───── Input data

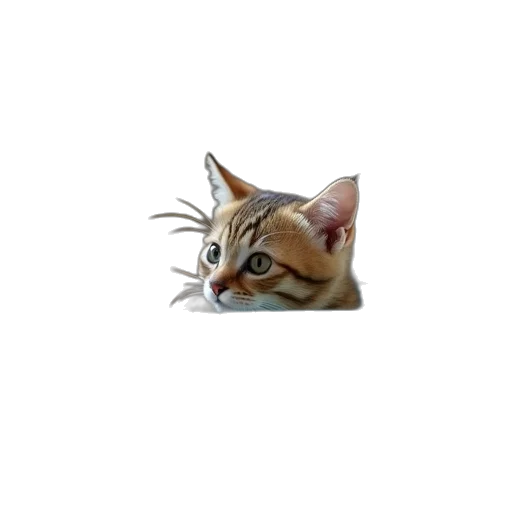 animal, staff, creature, weapon, pixel art, photorealistic, 3d render, concept art transparent PNG cut-out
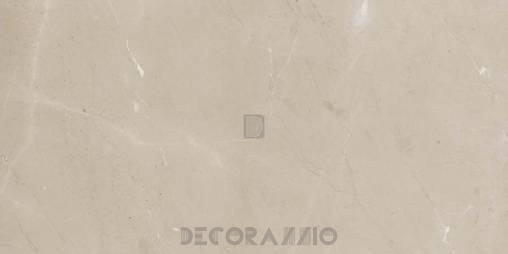 Напольная плитка Refin Ceramiche Prestigio - LU59
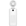 Acerpure Cool C2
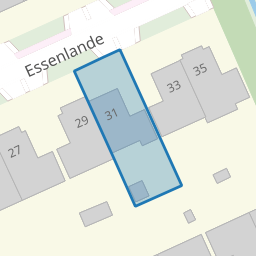 Perceel HRN01-M-3518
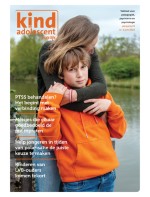 Kind & Adolescent Praktijk 2/2022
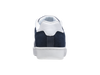 06931-401-M | COURT PALISADES | NAVY/WHITE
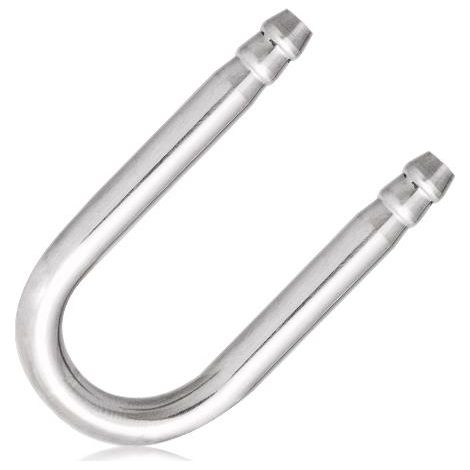 CODO AQS SU16 PARA VENTANA MÁX. 16MM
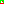 Destellos dst-10034707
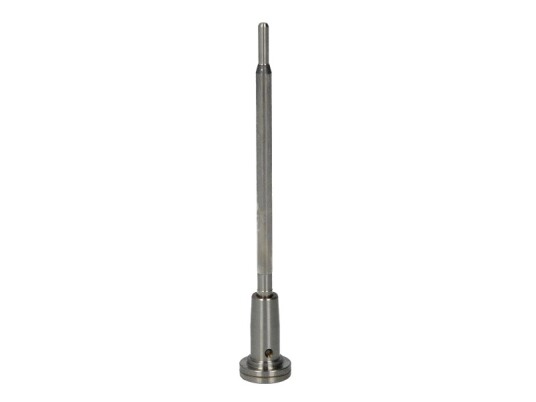 BOSCH F 00R J02 067 Innsprøytningsdyse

──────────

■ **Work required**
Each line from the one holding "CODO AQS SU16 PARA VENTANA MÁX. 16MM" through the last line of the records above must be duplicated exactly, and pictures must not be.

■ **Expected answer**
 CODO AQS SU16 PARA VENTANA MÁX. 16MM
 Destellos dst-10034707
 BOSCH F 00R J02 067 Innsprøytningsdyse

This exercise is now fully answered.